Three Late Summer Wines

I’ve recently been enjoying all the late summer sweet corn and tomatoes that are in stock in Dépanneur Williamsburg. People often think of us as their coffee and sandwich spot, not realizing we stock in season produce as well, which alas doesn’t get grabbed up like you would think it would. I slice up the tomatoes sprinkle coarse sea salt and drizzle a good olive oil from the shop on top, slice up a Balthazar baguette (also from the shop) and that’s it. I’m easy to please. 

When it comes to meal prep, I definitely lean towards the Alice Waters school of thought. Let the vegetables speak for themselves. (And Congrats to 50 years Chez Panisse!) That said, I’m not opposed to enjoying the labors of a six hour ratatouille recipe if someone else is making it.  You can freeze it and have it in the winter when you long for summer again; we can’t do that with a fresh tomato. 

I enjoy wine in the same spirit . I want to taste the soil, the grape, the wind, rain, sun. Ok starting to sound cheesy but seriously.  I want to experience the story of the wine and I don’t want the story to be the same every time.  Sure, I find a quarter pounder with cheese extremely comforting at times (usually when hungover), it always tastes the same, I know what to expect. 

But that’s not what I want when I open a bottle of wine. I rarely drink the same bottle twice, even if I really love it.  I may revisit it a year later to see how it has evolved. But I drink wine to be surprised. I drink and eat to experience something honest. (Again, except when hungover or sick or when I just want to generally numb out) then it’s all about comfort and familiarity.

Wine is transparent, it can’t lie to you about where it’s from, what has been done to it, and it speaks to the nature of the people that had a hand in its journey. I find this lens an incredibly refreshing one in which to view my experience.

I hope when you stop by for the Thursday tastings you will be refreshed, surprised and generally uplifted by the wines you experience .

Here are three late summer wines that do just that for me :

Stein Riesling Weihwasser Feinherb 2020, $26

Ulli Stein has become a cult figure in the wine world and in restaurants like Noma and Momofuku Ko. He and his wife cultivate on steep blue slate slopes and live at their mountaintop inn overlooking Mosel receiving a constant flow of devoted Ulli fans making the pilgrimage.

The Stein’s passionately advocate for the preservation of the Mosel Valley.
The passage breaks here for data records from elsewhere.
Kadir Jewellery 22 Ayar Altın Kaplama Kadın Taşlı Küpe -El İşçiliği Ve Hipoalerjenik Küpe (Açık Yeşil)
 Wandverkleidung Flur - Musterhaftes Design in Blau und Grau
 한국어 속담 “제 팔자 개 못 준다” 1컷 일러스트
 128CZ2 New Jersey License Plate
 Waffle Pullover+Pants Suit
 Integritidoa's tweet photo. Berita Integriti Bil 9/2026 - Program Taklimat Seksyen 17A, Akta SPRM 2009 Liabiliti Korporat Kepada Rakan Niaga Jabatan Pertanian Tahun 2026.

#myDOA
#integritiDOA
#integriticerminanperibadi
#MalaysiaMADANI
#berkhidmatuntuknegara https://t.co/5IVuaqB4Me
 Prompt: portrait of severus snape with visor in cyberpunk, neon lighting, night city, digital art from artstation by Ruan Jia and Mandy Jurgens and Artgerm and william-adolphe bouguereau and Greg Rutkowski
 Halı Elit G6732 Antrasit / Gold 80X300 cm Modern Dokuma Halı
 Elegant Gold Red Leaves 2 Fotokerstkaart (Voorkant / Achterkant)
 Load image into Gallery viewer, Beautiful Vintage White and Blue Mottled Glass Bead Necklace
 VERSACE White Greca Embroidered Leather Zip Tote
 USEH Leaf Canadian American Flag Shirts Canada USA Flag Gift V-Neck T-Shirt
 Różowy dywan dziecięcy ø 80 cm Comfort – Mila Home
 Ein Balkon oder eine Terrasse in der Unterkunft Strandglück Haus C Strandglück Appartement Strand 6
This riesling just makes me smile. Asian pear, lychee on a summer’s day, light and fresh with backbone to boot, off-dry finish.

Stein says wine isn’t what he wants to make, it is what the vineyards give to him.

Pair with late summer sweet corn dusted with hot smokey paprika.

Altolandon Manchuela Enblanco Orange Wine 2020, $26

Bodega Altolandon Certified Organic + Biodynamic winery of Spain's La Mancha wine region in Valencia. This blend of Garnacha Blanca and Garnacha Gris uses hand harvested grapes grown on limestone and stony soils. Produced as naturally as possible with spontaneous fermentation on the skins in clay amphora, there are no added sulphites.

This creates a wine of orange-pink color with an elegant nose showing sweet aromas of stone fruits, mineral and anise, supported by apricot, mirabelle plum and citrus notes. Full and well rounded on the palate with plenty of weight, yet still elegant, lively and light in body. Try as an appetizer with tapas, baked fish, sushi, or well-flavoured hard cheeses.


I Clivi, Venezia Giulia Schioppettino 2019, $31


Certified Organic. 100% Schioppettino. 50-year-old vines from A south-east facing slope in Prepotto, in the Province of Udine  between the Adriatic and the Alps. Ponca soil (marl and sandstone). Destemmed and gently crushed to break the skin. Spontaneous fermentation in stainless steel, with 14 days of skin contact. Aged in stainless also for 12 months. 

Wonderful and delightful  full nose of fresh cranberries and pulp, morels, dry, well structured, nice acidity, balanced, light red, perfect for a late summer seafood dinner, spaghetti tossed with garlic and ripe tomatoes, or an always delicious cheese board.


Cheers . Love you Guys.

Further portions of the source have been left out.